Consider a scenario where you discover a gold nugget while digging your land for planting. Section 111 of the Minerals and Mining Act, 2006 (Act 703) defines “mineral” as a substance in solid or liquid form that occurs naturally in or on the earth, or on or under the seabed, formed by or subject to geological process including industrial minerals but does not include petroleum or water. In our scenario therefore, the gold nugget you found is a mineral. Do you, therefore, own the mineral you found on your land?
Ownership in ordinary language refers to having the power of use and enjoyment of a thing which belongs to a person. There are different kinds of natural resource ownership regimes in the world. There are open access resources that are owned by all, like the air we breathe. There are also natural resources that are subject to international regulations because they do not fall within a particular state or territory. An example of such a natural resource is the sea which is governed by the United Nations Convention on the Law of the Sea which spells out the rights and responsibilities of nations with respect to their use of the world’s oceans.
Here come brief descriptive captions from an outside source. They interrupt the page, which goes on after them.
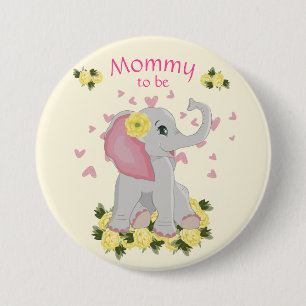 Colorful Yellow "Mama to be" baby shower Elephant Ronde Button 7,6 Cm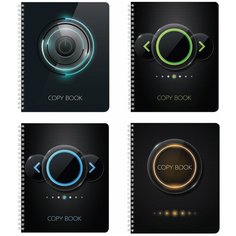 Тетрадь А5, 48 л, BRAUBERG, гребень, клетка, выборочный лак, глобальная сеть, 402819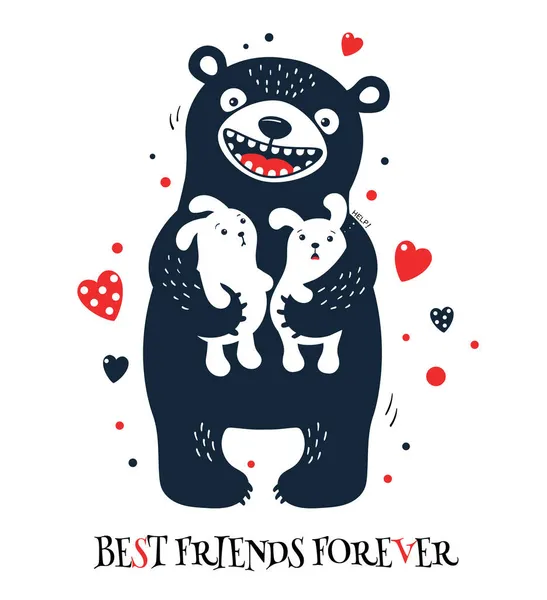 Melhores Amigos Para Sempre Engraçado Urso Louco Abraçando Coelhos Assustados — Vetor de Stock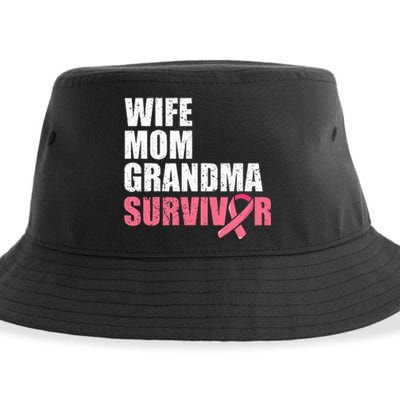 Breast Cancer Fighter  Wife Mom Grandma Survivor Sustainable Bucket Hat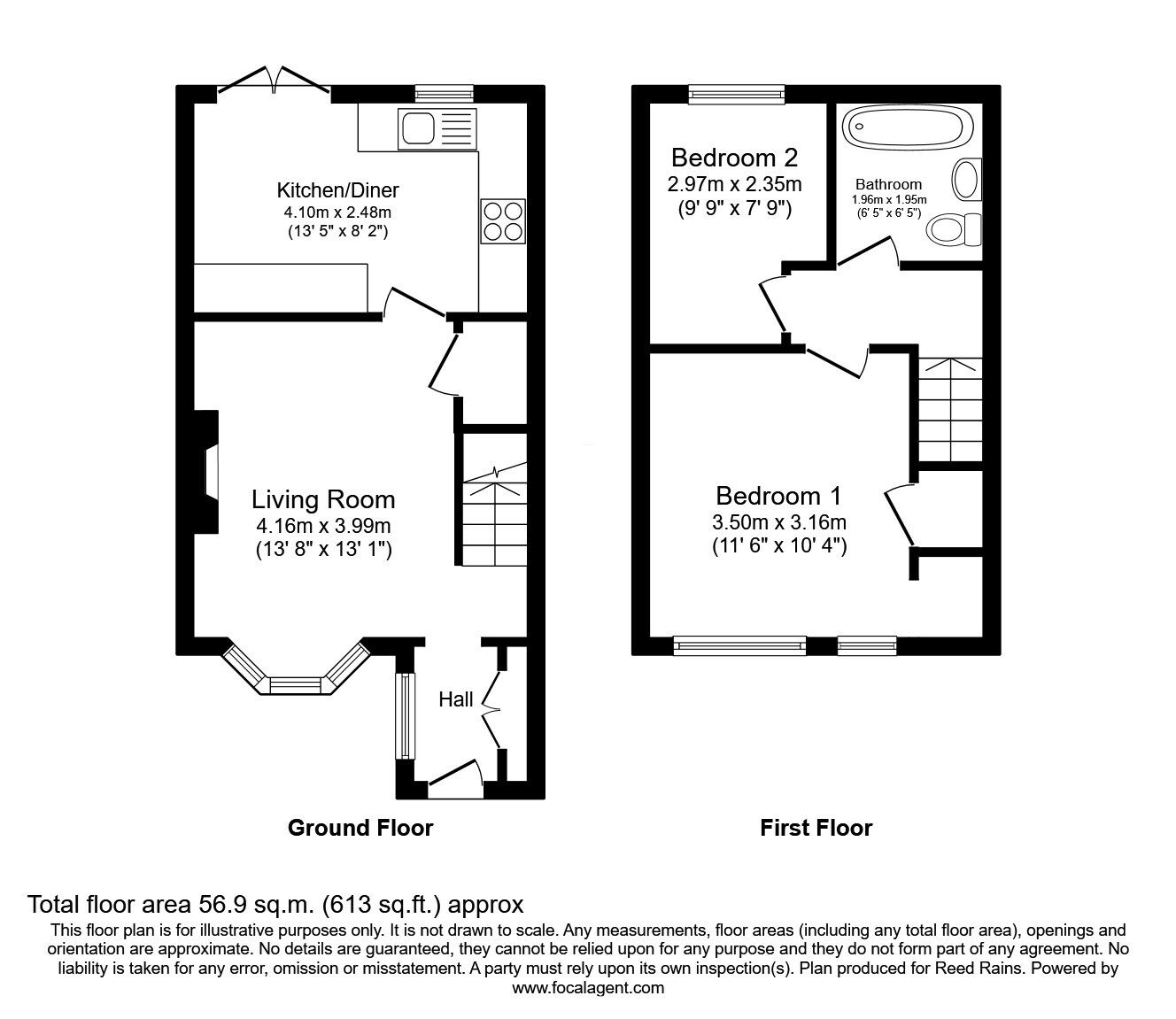 Floorplan of 2 bedroom Mid Terrace House for sale, Home Farm Avenue, Macclesfield, Cheshire, SK10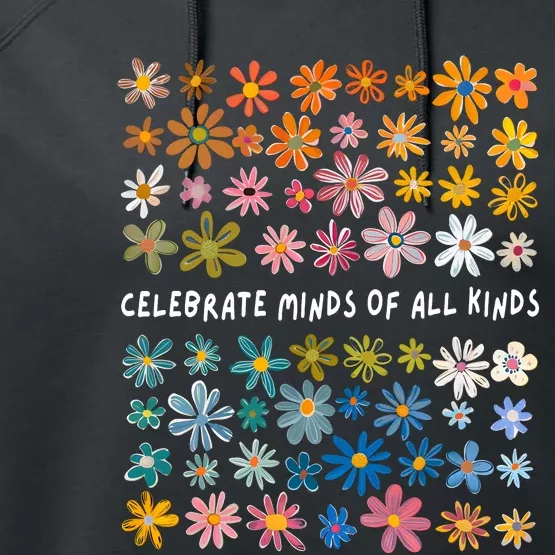 Celebrate Minds Of All Kinds Floral Flower Performance Fleece Hoodie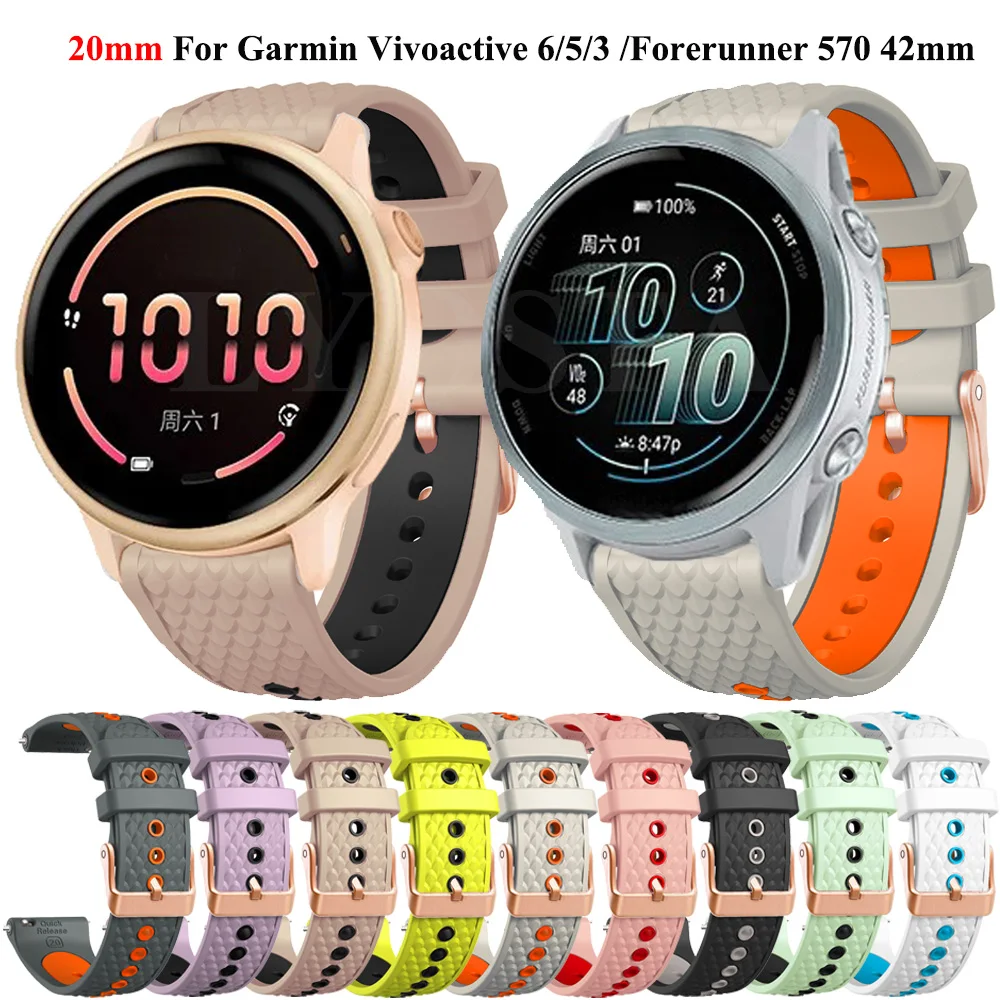 Neues 20 mm Silikon-Uhrenarmband für Garmin Vivoactive 6 5 3 Forerunner 570 42 mm 165 55 245 645 Venu 2 Plus Sq 2 Armband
In some systems, mineral rights are privately owned. An example is the United States of America where the owner of land is also the owner of any resource attached to his land. In other countries, some selected minerals in their natural state are placed under state ownership, requiring the official grant of mineral licences to be able to deal with them in any way. All other minerals are owned by the land-owner where the mineral is found or discovered. In the UK, for instance, with the exception of oil, gas, coal, gold and silver, the state does not own mineral rights.
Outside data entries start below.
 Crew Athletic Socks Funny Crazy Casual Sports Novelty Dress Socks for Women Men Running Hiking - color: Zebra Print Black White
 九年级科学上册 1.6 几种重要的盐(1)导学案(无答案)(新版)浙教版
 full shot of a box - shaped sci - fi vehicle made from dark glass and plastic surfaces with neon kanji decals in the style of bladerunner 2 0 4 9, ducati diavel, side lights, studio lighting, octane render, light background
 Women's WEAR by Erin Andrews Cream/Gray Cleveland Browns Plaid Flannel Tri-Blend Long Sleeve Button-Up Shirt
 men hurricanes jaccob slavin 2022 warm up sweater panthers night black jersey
In Ghana, the situation is different. Natural resources are owned by the state. Article 257(6) of the 1992 Constitution states that every mineral in its natural state in, under or upon any land in Ghana, rivers, streams, water courses throughout Ghana, the exclusive economic zone and any area covered by the territorial sea or continental shelf is the property of the Republic of Ghana and shall be vested in the President on behalf of, and in trust for the people of Ghana. This means that the owner of any land in Ghana is not the owner of any mineral in its natural state which she may find.
The law further provides that despite a right or title which a person may have in a land, upon or under which minerals are situated, a person shall not conduct activities on or over land in Ghana for the search, reconnaissance, prospecting, exploration or mining for a mineral unless the person has been granted a mineral right in accordance with this Act.
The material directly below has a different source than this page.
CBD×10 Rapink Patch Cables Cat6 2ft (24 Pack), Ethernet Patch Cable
Thus, regardless of the fact that you own the land on which the gold in its natural state was found, a mineral right must be granted to you to deal with it in any way. To make matters a bit more complex for individuals, qualifications for mineral rights are limited to bodies incorporated under the Companies Code 1963 (Act 179), under the Incorporated Private Partnerships Act 1962 (Act 152) or under an enactment in force.
In conclusion, the land is yours but the gold is ours (the people of Ghana).